United States Supreme Court

March 4, 2019

BNSF RAILWAY COMPANY, PETITIONER
v.
MICHAEL D. LOOS

          Argued November 6, 2018

          CERTIORARI TO THE UNITED STATES COURT OF APPEALS FOR THE EIGHTH CIRCUIT

Respondent Michael Loos sued petitioner BNSF Railway Company under the Federal Employers' Liability Act (FELA) for injuries he received while working at BNSF's railyard. A jury awarded him $126, 212.78, ascribing $30, 000 of that amount to wages lost during the time Loos was unable to work. BNSF asserted that the lost wages constituted "compensation" taxable under the Railroad Retirement Tax Act (RRTA) and asked to withhold $3, 765 of the $30, 000 to cover Loos's share of the RRTA taxes. The District Court and the Eighth Circuit rejected the requested offset, holding that an award of damages compensating an injured railroad worker for lost wages is not taxable under the RRTA.

         Held:

A railroad's payment to an employee for working time lost due to an on-the-job injury is taxable "compensation" under the RRTA. Pp. 2-14.

(a) In 1937, Congress created a self-sustaining retirement benefits system for railroad workers. The RRTA funds the program by imposing a payroll tax on both railroads and their employees, referring to the railroad's contribution as an "excise" tax, 26 U.S.C. §3221, and the employee's share as an "income" tax, §3201. The Railroad Retirement Act (RRA) entitles railroad workers to various benefits. Taxes under the RRTA and benefits under the RRA are measured by the employee's "compensation," which both statutes define as "any form of money remuneration paid to an individual for services rendered as an employee." §3231(e)(1); 45 U.S.C. §231(h)(1).
The statutory foundation of the railroad retirement system mirrors that of the Social Security system. The Federal Insurance Contributions Act (FICA) taxes employers and employees to fund benefits distributed pursuant to the Social Security Act (SSA).
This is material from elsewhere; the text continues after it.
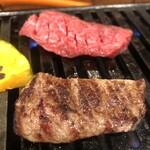 焼肉 味ひときれ - 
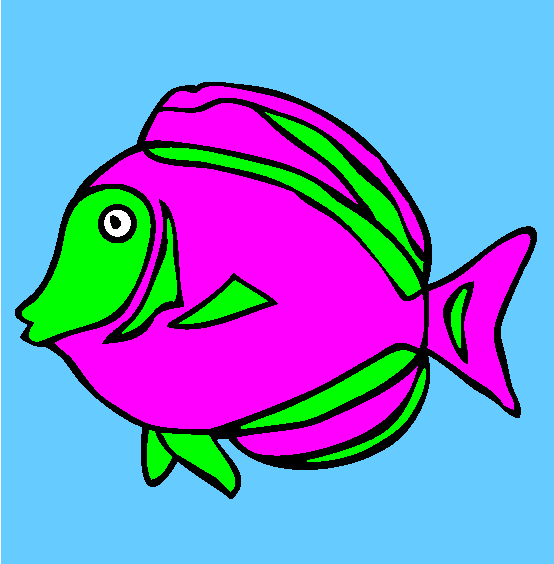 Japan Surgeonhead Coloring Page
Tax and benefit amounts are determined by the worker's "wages," the Social Security equivalent to "compensation." Both the FICA and the SSA define "wages" employing language resembling the RRTA and the RRA definitions of "compensation." The term "wages" means "all remuneration" for "any service, of whatever nature, performed ... by an employee." 26 U.S.C. §3121(a)-(b) (FICA); see 42 U.S.C. §§409(a), 410(a) (SSA). Pp. 2-4.
(b) Given the textual similarity between the definitions of "compensation" and "wages," the decisions on the meaning of "wages" in Social Security Bd. v. Nierotko, 327 U.S. 358, and United States v. Quality Stores, Inc., 572 U.S. 141, inform this Court's comprehension of the RRTA term "compensation." In Nierotko, the Court held that "wages" embraced pay for active service as well as pay received for periods of absence from active service, 327 U.S., at 366, and concluded that backpay for time lost due to "the employer's wrong" counted as "wages," id., at 364. In Quality Stores, the Court held that severance payments qualified as "wages" taxable under the FICA. 572 U.S., at 146-147. In line with these decisions, the Court holds that "compensation" under the RRTA encompasses not simply pay for active service but also pay for periods of absence from active service- provided that the remuneration in question stems from the "employer-employee relationship." Nierotko, 327 U.S., at 366.
Damages awarded under the FELA for lost wages fit comfortably within this definition. See BNSFR. Co. v. Tyrrell, 581 U.S., . If a railroad negligently fails to maintain a safe railyard and a worker is injured as a result, the FELA requires the railroad to compensate the injured worker for working time lost due to the employer's wrongdoing. FELA damages for lost wages, like backpay, are "compensation" taxable under the RRTA. Pp. 4-7.
(c)The Eighth Circuit construed "compensation" for RRTA purposes to mean only pay for active service, but this reading cannot be reconciled with Nierotko and Quality Stores. In addition, the RRTA's pinpointed exclusions for certain types of payments for time lost signal that nonexcluded pay for time lost remains RRTA-taxable "compensation." Pp. 7-10.
(d)Loos contends that "compensation" does not include payments made to compensate for an injury. This reading, however, is at odds with Nierotko, which held that "wages" included backpay awarded to redress "the loss of wages" occasioned by "the employer's wrong." 327 U.S., at 364.
Loos also argues that the exclusion of personal injury damages from "gross income" for federal income tax purposes, see 26 U.S.C. §104(a)(2), should carry over to the RRTA's tax on the "income" of railroad workers. The RRTA, however, uses the term "income" mere- ly to distinguish the "income" tax on an employee from the matching "excise" tax on a railroad. Further, Congress specified not "gross income" but employee "compensation" as the tax base for RRTA taxes. Congress did not exclude personal injury damages from "compensation." Pp. 10-14.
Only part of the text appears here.